I celebrate that there’s no end to these horse-and-castle stories, and I investigate whatever’s new. Some novels like A Quest for Heroes by Morgan Rice
are calibrated for a juvenile audience and the heroine is too young for
insights I would seek. Some stories follow the new trend of heaps of
gore and lists of knightly heraldry like The Wilding by CS Freidman.
For some stories I don’t buy the second book in the series because not
enough surprises held my attention during the first outing, like Blood of the Falcon by Court Ellyn.
I picked up Luck in the Shadows because I had enjoyed all three Bone Doll’s Twin
stories, and especially the gender-bending twist. The witch who lived
in the forest and the young magician who she trained were diverting
enough for use of magic. Though the three stories lagged in places, a
whimsical holy man arrived like a breath of fresh air to resolve some
plot difficulties. A 15-year-old girl in full armor and long sword at
the head of an army to save the empire was a bit of a stretch, but at
least she was a girl, and she had female relatives who had roles in the
plot (more than decorative).
But… I would call Flewelling’s Luck in the Shadows a lighter version of The Golden Fool by Robin Hobb.
Over the past two decades, Hobb wrote four series (series-es) around
the enduring friendship between a fool with a mysterious background and
an apprentice to a wizard. There are same-sex undertones, but each
becomes the beloved to the other through their many adventures.
Flewelling’s Book I of her Nightrunner
series presents a watcher with a longer life than many, a wizard who
commands spells for shape-shifting and message bubbles, and an orphan
(why is it always an orphan?) who is a quick learner (why is he always
more gifted at picking up dark skills?).
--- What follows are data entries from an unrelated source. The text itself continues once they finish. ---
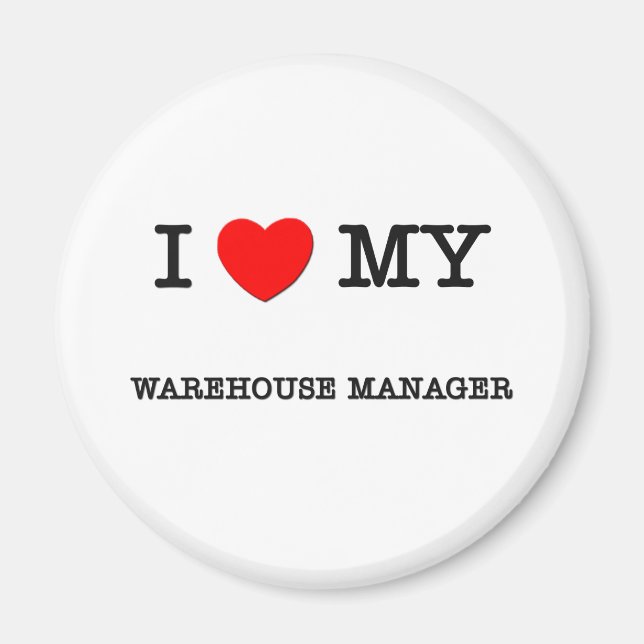Imã Eu Amo Meu GERENTE DE WAREHOUSE (Frente)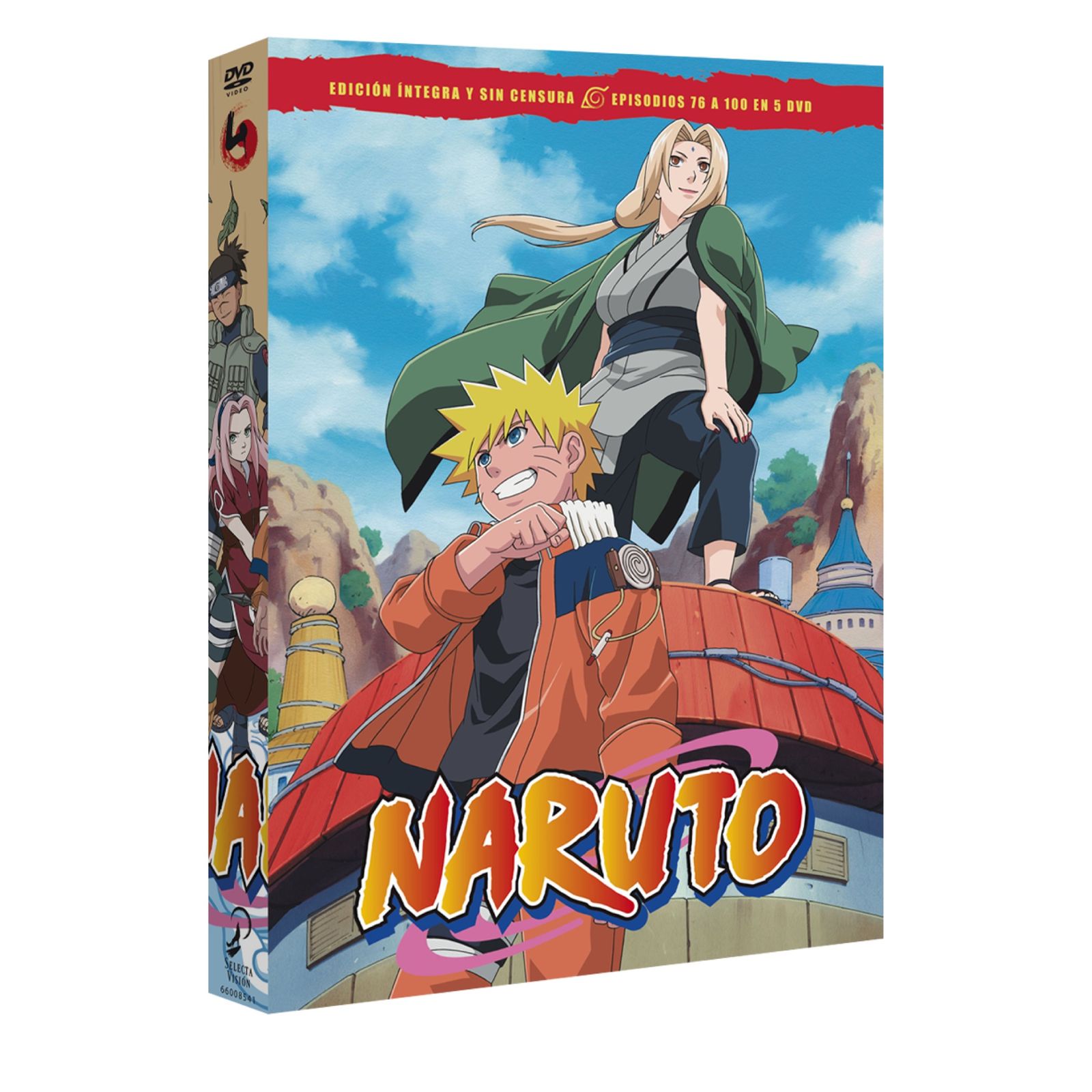 DVD NARUTO BOX 4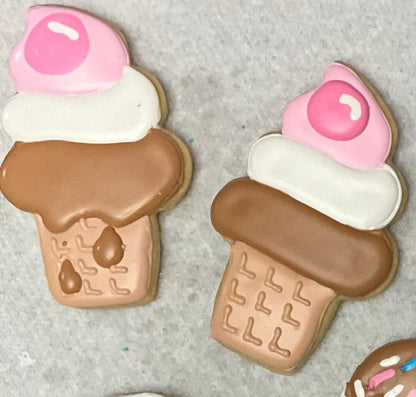 Decorated Sugar Cookie - Ice Cream Collection 4 Pack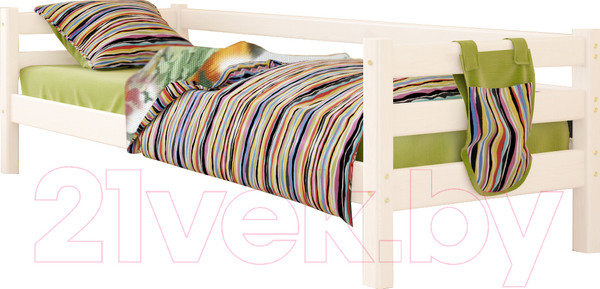 Изображение товара Кровать-тахта Мебельград Соня вариант 2 (массив сосны белый)
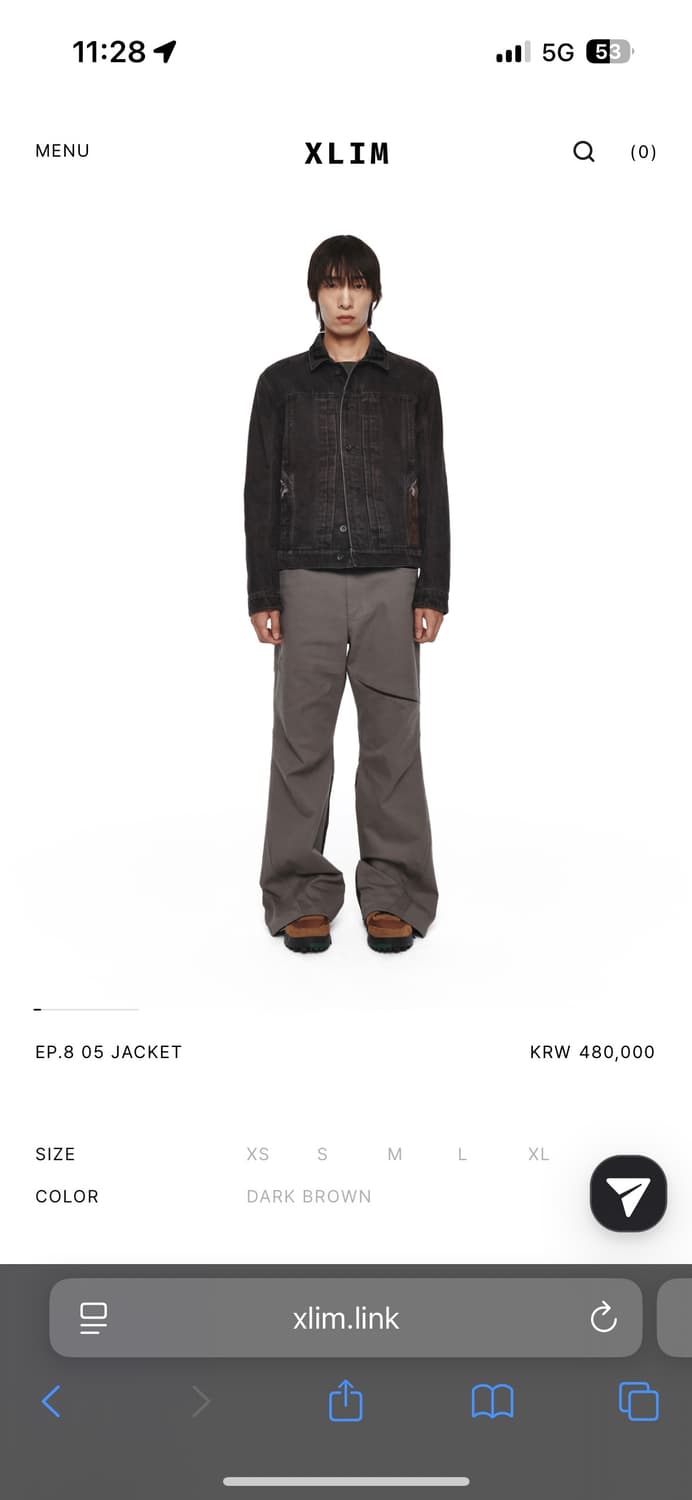 엑슬림 ep 8 05 다크브라운 자켓 L사이즈 상품이미지1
Without a girl/boy love story
to carry the reader through the MANY discussions of the heroics of
former queens, and more discussions of the dead wizards who helped the
dead queens, getting to the end was a struggle.
I don’t care about
those old queens. I have no context for those old queens. More living
female characters who have roles in the plot -- other than decorative --
please.
Flewelling presents a bad guy (why do they always have no
redeeming value?) who pursues our watcher and apprentice, but she drops
this story line in the middle of the book in favor of describing the
needed lessons in swordplay for the apprentice (why are long
descriptions of training with swords required for fantasy writers?).
The
struggle in the final act means the watcher and apprentice fight on the
side of the current royal family for whom only three scenes were
spared, and vanquish a long-simmering blood feud for which only two
scenes were constructed.
Again,
the reader doesn’t feel invested in solving the problem at hand,
especially since the resolution was a matter of home invasion and a fire
contained in a single room. A comparison to Hobb’s white queen in Fool’s Fate comes to mind, wherein the queen lost her captain, her familiar, her ice castle, and her hands before her suffering ended.
The
bad guys in Flewelling’s story had not shown their faces again by the
end of Book I, but the homoerotic undertones were coming to light. If
there were more surprises, fewer long-winded stories about dead queens,
less description, more jeopardy, more hetero romance – then I could
overlook the disjointed plot. I doubt that I pick up Book II.